Together with David Henderson, Horgan has proposed an epistemology called "transglobal reliabilism", which proposes that a belief is justified only if the process that produced it is robustly reliable across a broad set of worlds that are experientially like ours (so it would still work under many variations). This view has been criticized for illegitimately assuming that there are more truth-friendly such worlds than deceptive ones, as well as for proposing an unnecessary requirement for justification. Henderson and Horgan have also proposed a modified version, called "transglobal evidentialism-reliabilism", together with Matjaž Potrč.

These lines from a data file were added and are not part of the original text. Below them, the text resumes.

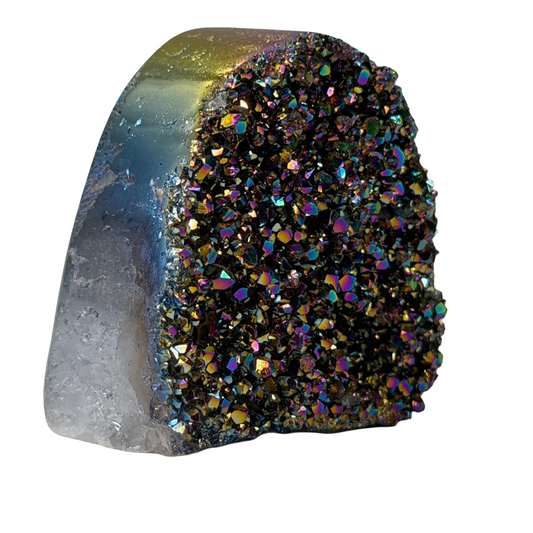 Kleine titanium rainbow kwarts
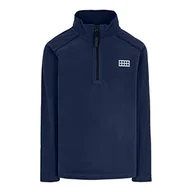 Kurtki i płaszcze dla chłopców - Lego Wear Kurtka polarowa chłopięca z zamkiem błyskawicznym, Ciemnogranatowy, 116 - miniaturka - grafika 1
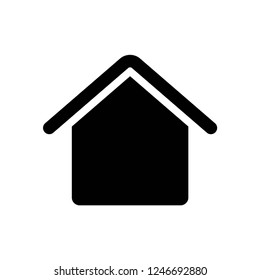home icon vector black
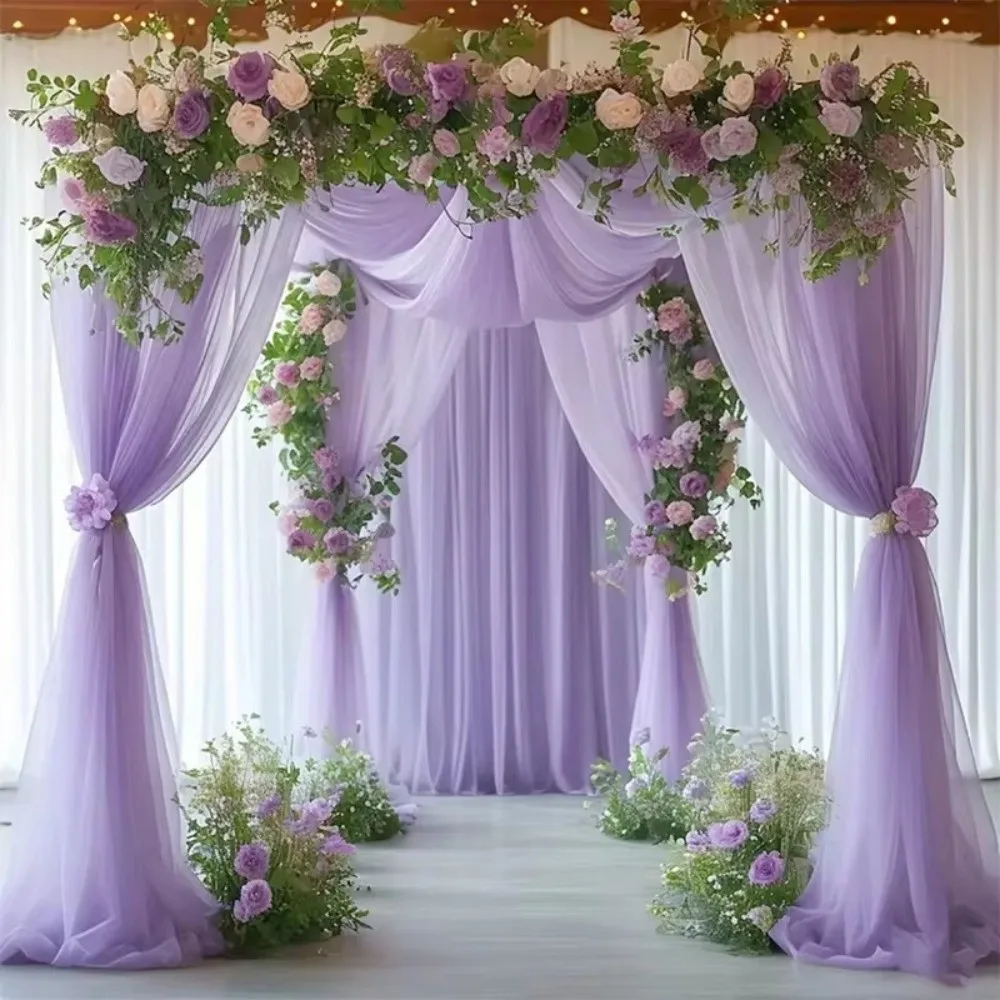 Semi-Sheer Gauze Tulle Sheer Table Runner Elegant Tulle Boho Rustic Gauze Tablecloth DIY Chiffon Table Runner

The indirect-correspondence component is tied to Horgan and Potrč's "contextual semantics" and their austere realism, which seeks a minimal ontology while preserving the abundant truth of ordinary and scientific discourse. On this picture, many everyday claims can be literally true even if the ontology denies the corresponding entities as fundamental, because their truth is a matter of mediated correspondence given ordinary semantic standards.
Horgan and Barnard describe their position as a form of correspondence pluralism: truth always consists in correspondence, but there are different forms of correspondence across domains. They argue that this preserves a robust, unified notion of truth while allowing variation in how truth is realized (for example, via indirect semantic standards in some areas). Secondary overviews classify Horgan's view alongside pluralist theories that maintain correspondence while allowing different ways of corresponding; the Stanford Encyclopedia of Philosophy explicitly cites Horgan and collaborators in presenting this family of positions.
Reception and discussion emphasize both the robustness and the indirect character of Horgan's correspondence account. Michael P. Lynch analyzes Horgan's "contextual semantics" and labels the overall view "Indirect Correspondence Metaphysical Realism," highlighting its commitment to realism combined with mediated standards for truth. A review of Truth and Pluralism: Current Debates likewise characterizes Barnard & Horgan's contribution as defending a view on which truth is always correspondence but "rarely" direct.